Plaintiffs claim they will witness animals being killed or see dead animal carcasses, and will be frightened by shooters and gunshots in a concentrated time and place. However, Plaintiffs may see dead animal carcasses regardless of the derby, because it is hunting season. Further, the forest comprises hundreds of acres, and Plaintiffs have not identified how an increase in hunting over such a large area will ruin the enjoyment of the forest during a two-day period, when people may hunt on public, private, or USFS managed lands. None of the declarants indicated they were planning to alter their plans for enjoying the forest this weekend.

Plaintiffs fear also that large numbers of wolves and coyotes will be killed, diminishing the animals' overall numbers and decreasing Plaintiffs ability to observe the animals in the forest. Additionally, Plaintiffs describe a generalized harm to the stability of the animal populations that may occur with a concentrated hunt. However, Idaho Fish and Game regulates the harvesting of wolves. To date, wolf quotas have not been met for the Salmon-Challis National Forest regions.[7] Thus, the likelihood is extremely remote that the number of wolves killed would even come close to reaching or exceeding the harvest limits. And, there is no quota on the number of coyotes that may be hunted.

The two-day derby is the "first annual, " and there is no evidence that the event will occur over multiple weekends during hunting season, or will become an annual event. Accordingly, Plaintiffs have not identified they will suffer harm other than what might ordinarily occur during a successful hunting season within lawful limits prescribed by the state of Idaho.

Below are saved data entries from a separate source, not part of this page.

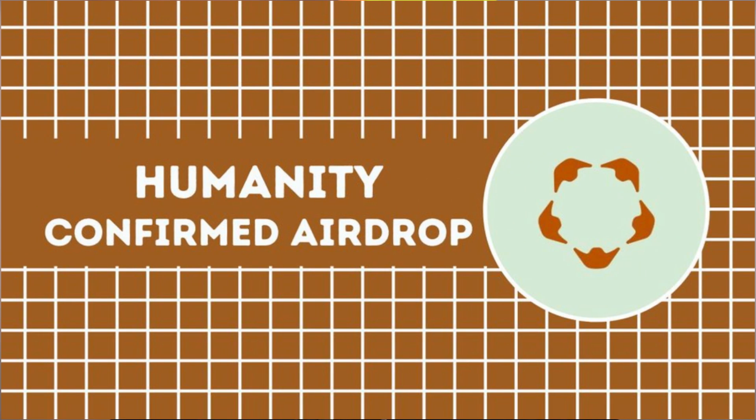How to potentially earn $1,500 from the Humanity Protocol airdrop in 2025 for free. What is Humanity Protocol?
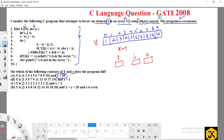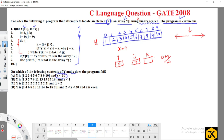Binary search works by finding the middle element index. If the middle index value equals the target, we're done; otherwise we check left or right. Here, i is initialized to 0, j to 9, and k is not yet set. Inside a do-while loop, k is computed as (i + j) / 2, so (0 + 9) / 2 = 4 (integer division). So k = 4.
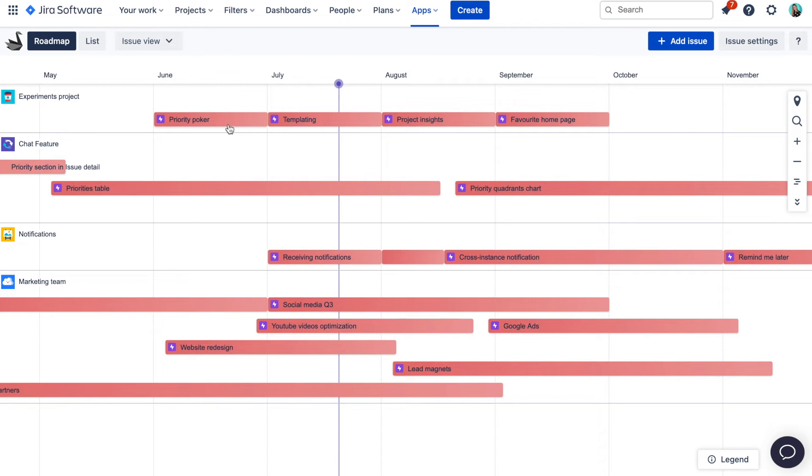In this video I'm going to show you how to create a cross-project epic roadmap in Jira using our apps only.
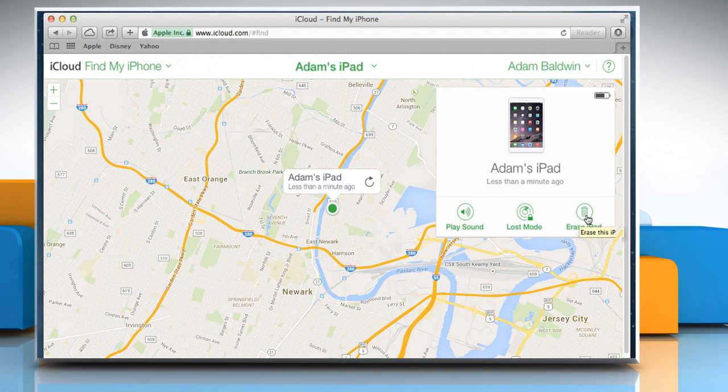You can also click on the Erase icon to erase the data on your Mac device and lock itself whenever it comes online.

While Plaintiffs and others may find the concept of a derby and prizes being awarded for the killing of animals repugnant, hunting is a lawful activity in Idaho. The derby advertisement states that hunters will be required to comply with Idaho state law. The promoter is providing educational packets and rule sheets, as well as youth mentors available to help train hunters. Decl. of Alder ¶ 6 (Dkt. 20-3.) There is no evidence before the Court that the promoters of the event are encouraging disregard for Idaho state law or, for that matter, forest service regulations regarding use of the forest in general. Plaintiffs have not, therefore, articulated an irreparable harm justifying the Court's award of the extraordinary preliminary relief Plaintiffs seek.

CONCLUSION

For the reasons set forth above, the Court concludes that Plaintiffs have not met their burden for the issuance of a temporary restraining order.

ORDER

NOW THEREFORE IT IS HEREBY ORDERED:

1) Plaintiffs' Motion for Temporary Restraining Order (Dkt. 4) is DENIED.